WORK TO COMPLETE: Using the listing below, give again exactly the lines from the line with "机械革命怎么打开steam" to the line with "کاور گارد قاب", inclusive, without the pictures.

SOURCE INFORMATION:
——————
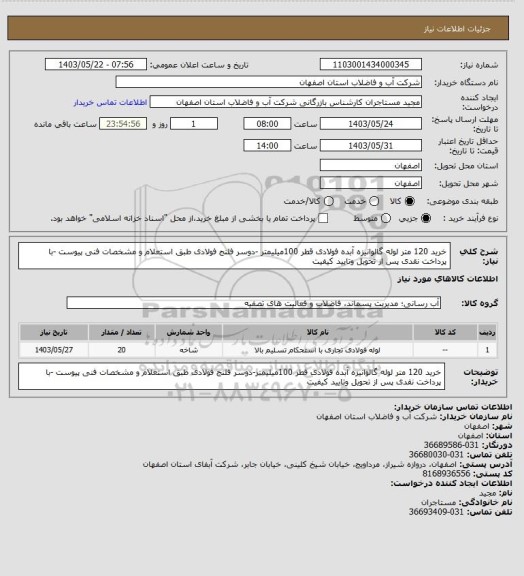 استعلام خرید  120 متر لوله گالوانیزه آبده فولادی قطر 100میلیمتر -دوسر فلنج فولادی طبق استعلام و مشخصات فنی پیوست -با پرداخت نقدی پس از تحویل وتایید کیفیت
——————
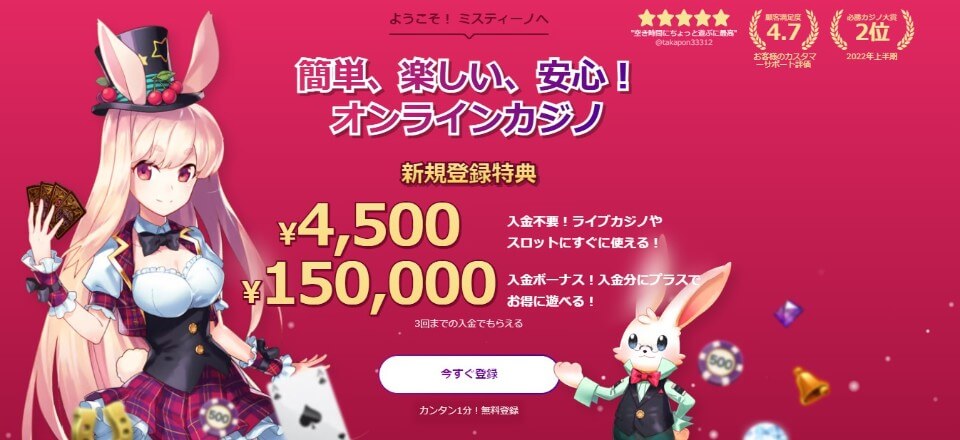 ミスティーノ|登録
——————
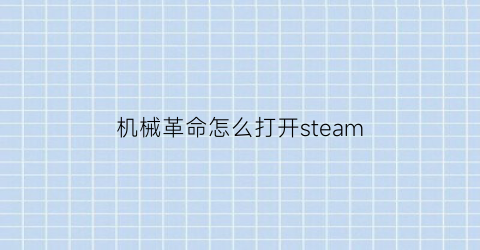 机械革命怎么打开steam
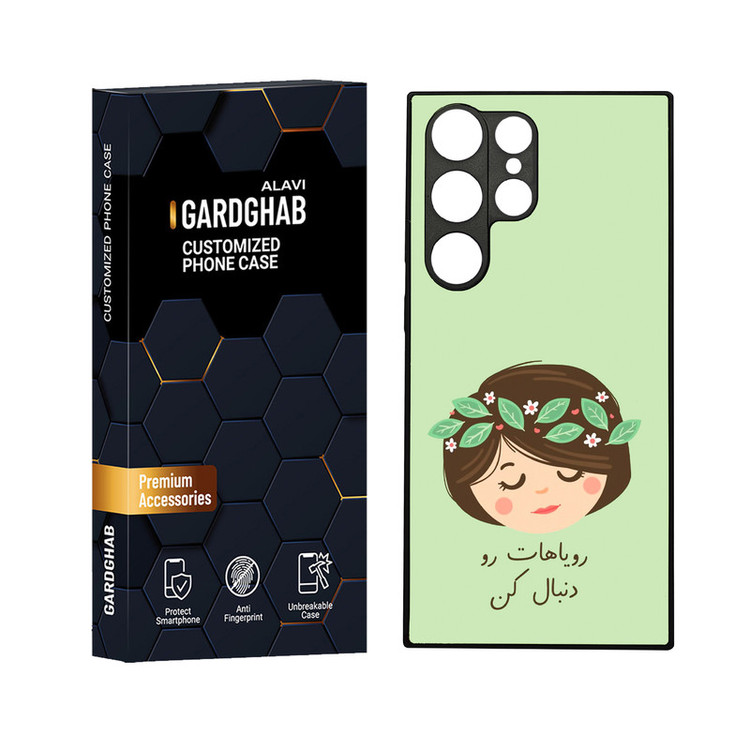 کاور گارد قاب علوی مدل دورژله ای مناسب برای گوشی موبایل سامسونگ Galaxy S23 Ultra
——————
EXERCISE SOLUTION:
 机械革命怎么打开steam
 کاور گارد قاب علوی مدل دورژله ای مناسب برای گوشی موبایل سامسونگ Galaxy S23 Ultra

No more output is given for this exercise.